Create ML fails to train a text classifier using the BERT transfer learning algorithm

I'm trying to train a text classifier model in Create ML. The Create ML app/framework offers five algorithms. I can successfully train the model with all of the algorithms except the BERT transfer learning option. When I select this algorithm, Create ML simply stops the training process immediately after the initial feature extraction phase (with no reported error).

What I've tried:

  1. I tried simplifying the dataset to just a few classes and short examples in case there was a problem with the data.

  2. I tried experimenting with the number of iterations and language/script options.

  3. I checked Console.app for logged errors and found the following for the Create ML app:

error	10:38:28.385778+0000	Create ML	Couldn't read event column - category is invalid.  Format string is : <private>
error	10:38:30.902724+0000	Create ML	Could not encode the entity <private>. Error: <private>

I'm not sure if these errors are normal or indicative of a problem. I don't know what it means by the "event" column – I don't have an event column in my data and I don't believe there should be one. These errors are not reported when using the other algorithms.

Given that I couldn't get the app to work with BERT, I switched over to the CreateML framework and followed the code samples given in the documentation. (By the way, there's an error in the docs: the line let (trainingData, testingData) = data.stratifiedSplit(on: "text", by: 0.8) should be stratifying on "label", not on "text").

The main chunk of code looks like this:

var parameters = MLTextClassifier.ModelParameters(
    validation: .split(strategy: .automatic),
    algorithm: .transferLearning(.bertEmbedding, revision: 1),
    language: .english
)
parameters.maxIterations = 100

let sentimentClassifier = try MLTextClassifier(
    trainingData: trainingData,
    textColumn: "text",
    labelColumn: "label",
    parameters: parameters
)

Ultimately I want to train a single multilingual model, and I believe that BERT is the best choice for this.

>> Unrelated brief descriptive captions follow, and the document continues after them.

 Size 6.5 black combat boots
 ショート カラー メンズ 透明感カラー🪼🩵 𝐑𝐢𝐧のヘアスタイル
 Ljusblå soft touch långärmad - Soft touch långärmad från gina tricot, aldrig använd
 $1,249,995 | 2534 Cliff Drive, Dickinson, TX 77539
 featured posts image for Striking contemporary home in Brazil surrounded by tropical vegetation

The problem is that there doesn't seem to be a way to choose the multilingual Latin script option in the API. In the Create ML app you can theoretically do this by selecting the Latin script with language set to "Automatic", as recommended in this WWDC video (relevant section starts at around 8:02). But, as far as I can tell, ModelParameters only lets you pick a specific language.

I presume the framework must provide some way to do this, since the Create ML app uses the framework under the hood, but I can't see a way to do it. Another possibility is that the Create ML app might be misrepresenting the framework – perhaps selecting a specific language in the app doesn't actually make any difference – for example, maybe all Latin languages actually use the same model under the hood and the language selector is just there to guide people to the right choice (but this is just my speculation).

Any help would be much appreciated! If possible, I'd prefer to use the Create ML app if I can get the BERT option to work – is this actually working for anyone? Or failing that, I want to use the framework to train a multilingual Latin model with BERT, so I'm looking for instructions on how to choose that specific option or confirmation that I can just choose .english to get the correct Latin multilingual model.

I'm running Xcode 26.2 on Tahoe 21.1 on an M1 Pro MacBook Pro. I have version 6.2 of the Create ML app.

Answered by Frameworks Engineer in 874130022

The CreateML framework API is not the best design we put out, and need some documentation to clarify. As long as you select BERT as the embedding type, it is inherently multi-lingual. The underlying implementation (beneath the CreateML framework) will identify the dominant language in your training data and then choose the per-script embedding model. Say if your training data's dominant language is English, the Latin-script embedding will be used, whereas if the dominant language is Chinese, the CJK-script embedding will be used.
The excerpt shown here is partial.